@Shamar@noorul In principle there isn't anything stopping anyone from using #freedombone, or other systems like it, for marketing purposes. But marketing usually requires broadcast infrastructure which federation tends to hinder. I could blast out ads from my instance, but other instances would also be free to block me.
@Shamar@aral@wolftune@cwebber Right. It's not that the sponsor directly orders this or that to happen. It's that once your event depends critically upon the sponsor then anything critical of them becomes something to be removed, or at least not talked about.
The massive centralization around Google and Facebook and their influence not just on software developers and web standards but the whole of society is something worth discussing and criticizing.
@jjg I think it could have dangerous aspects. It depends on who the "first responders" are. Also this same type of system could be used to have "first responders" go after dissidents.
@espectalll It was one of the big stories of last year, but Commons Clause is not really an open source license. I think they submitted it to OSI and it was rejected.
Also I'm not a copyright lawyer but my interpretation is that with copyleft licenses you can grant extra permissions as an addition to the license but I don't think you can add restrictions which conflict with the four freedoms.
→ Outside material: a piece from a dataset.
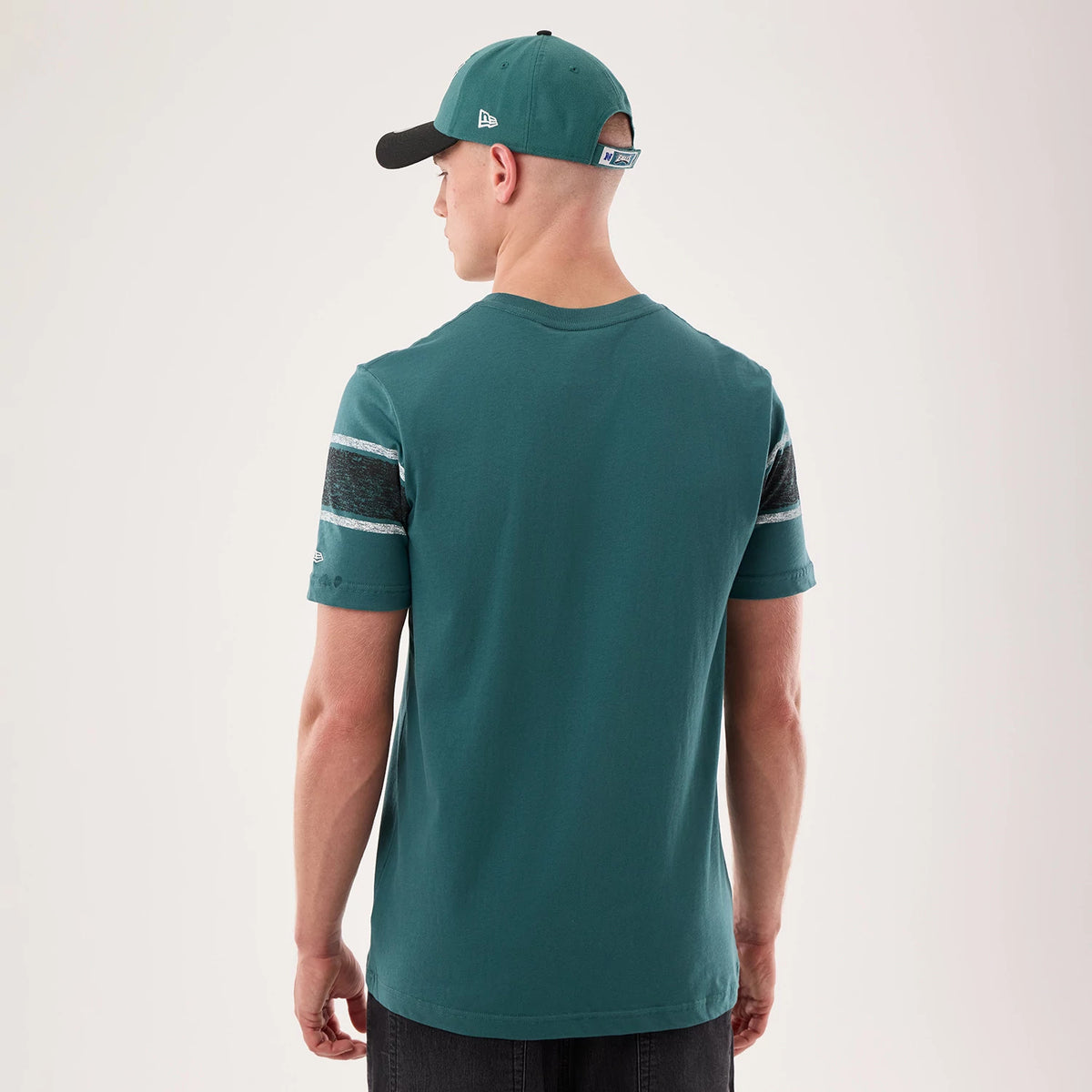 New Era Philadelphia Eagles NFL Sideline 2026 Dark Green T-Shirt, back view on a model wearing a matching cap, showing the plain dark green back with striped details on the sleeves and a small raised New Era logo near the left sleeve edge.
Commons clause tries to do that.
Web 2.0 introduced a critical "moral hazard" in which the user of the web service was no longer the customer. They were merely bait for the real customers who were advertisers. This separation is the source of many of the problems of the current internet.
By making web services something which individuals or communities can run we can bring the interests back into line again and make advertising something not needed or which is peripheral rather than being the main concern.
@xj9@geniusmusing@lnxw48a1 I think the future is going to be p2p and that HTTP+DNS will fade, eventually.
DNS is old. It's insecure, despite attempts to shore it up, and it's perhaps the most common way that governments mess with people's access to the internet. It also creates dependency on the US and on ridiculous ceremonies.